=== Section Start ===
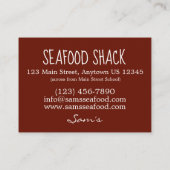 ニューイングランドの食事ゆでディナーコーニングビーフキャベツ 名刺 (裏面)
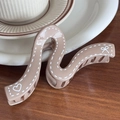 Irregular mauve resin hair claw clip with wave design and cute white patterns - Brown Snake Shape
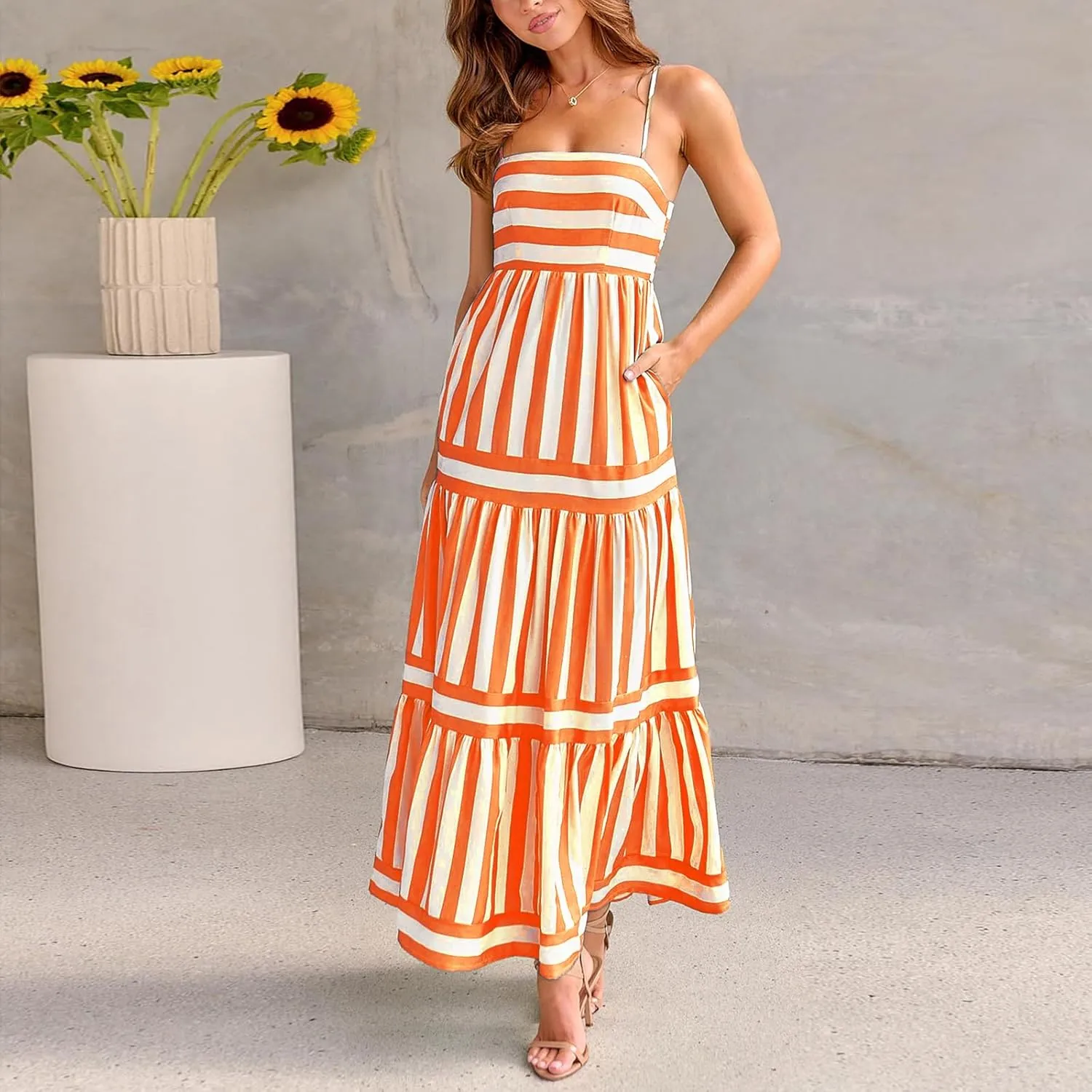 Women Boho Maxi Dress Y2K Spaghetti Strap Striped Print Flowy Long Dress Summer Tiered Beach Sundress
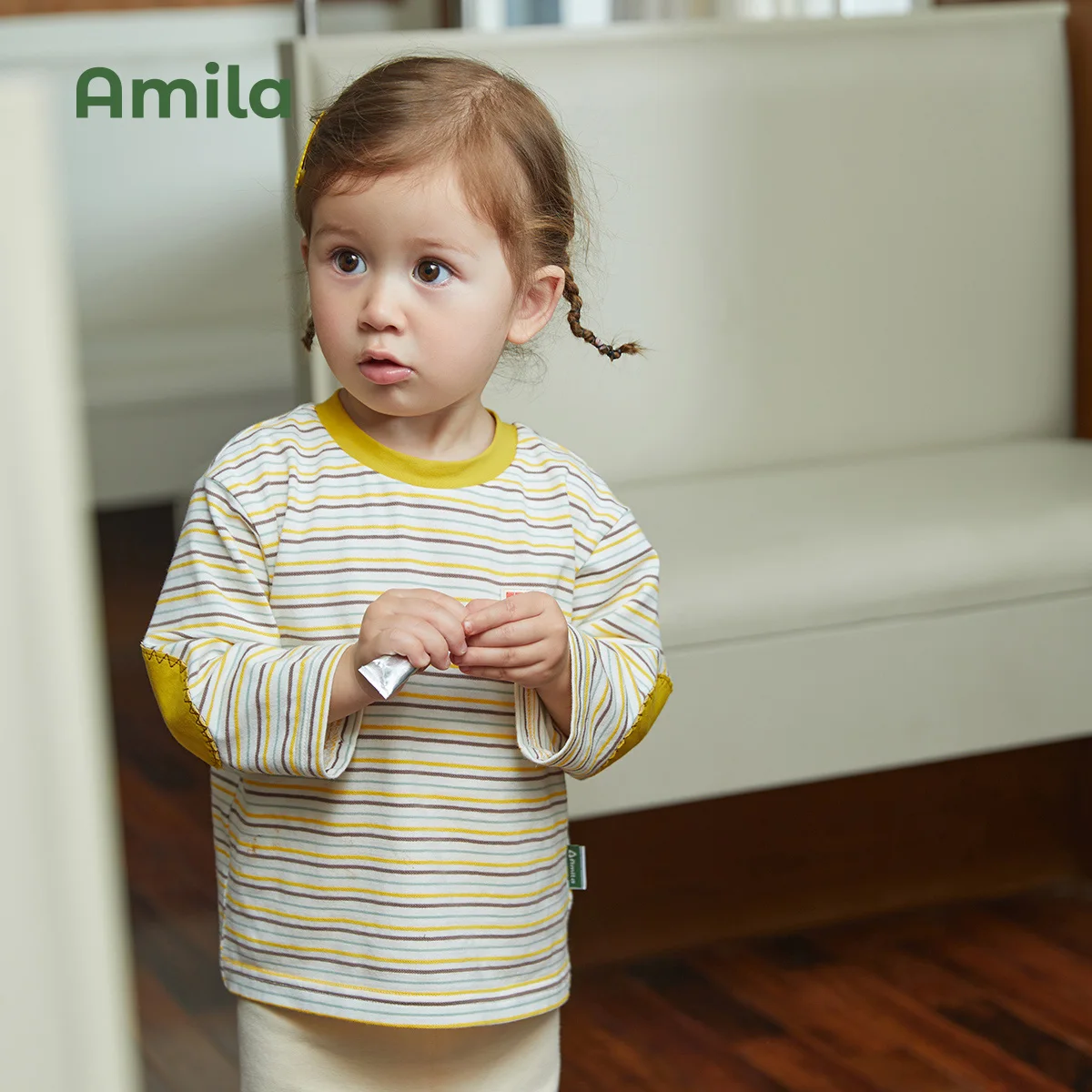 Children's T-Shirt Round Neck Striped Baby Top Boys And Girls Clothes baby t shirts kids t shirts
=== Section End ===
§ Problem description
What you write must match, line for line, the lines from the one with "Irregular mauve resin" through the last line of the data above, minus the pictures.

§ Written reply
 Irregular mauve resin hair claw clip with wave design and cute white patterns - Brown Snake Shape
 Women Boho Maxi Dress Y2K Spaghetti Strap Striped Print Flowy Long Dress Summer Tiered Beach Sundress
 Children's T-Shirt Round Neck Striped Baby Top Boys And Girls Clothes baby t shirts kids t shirts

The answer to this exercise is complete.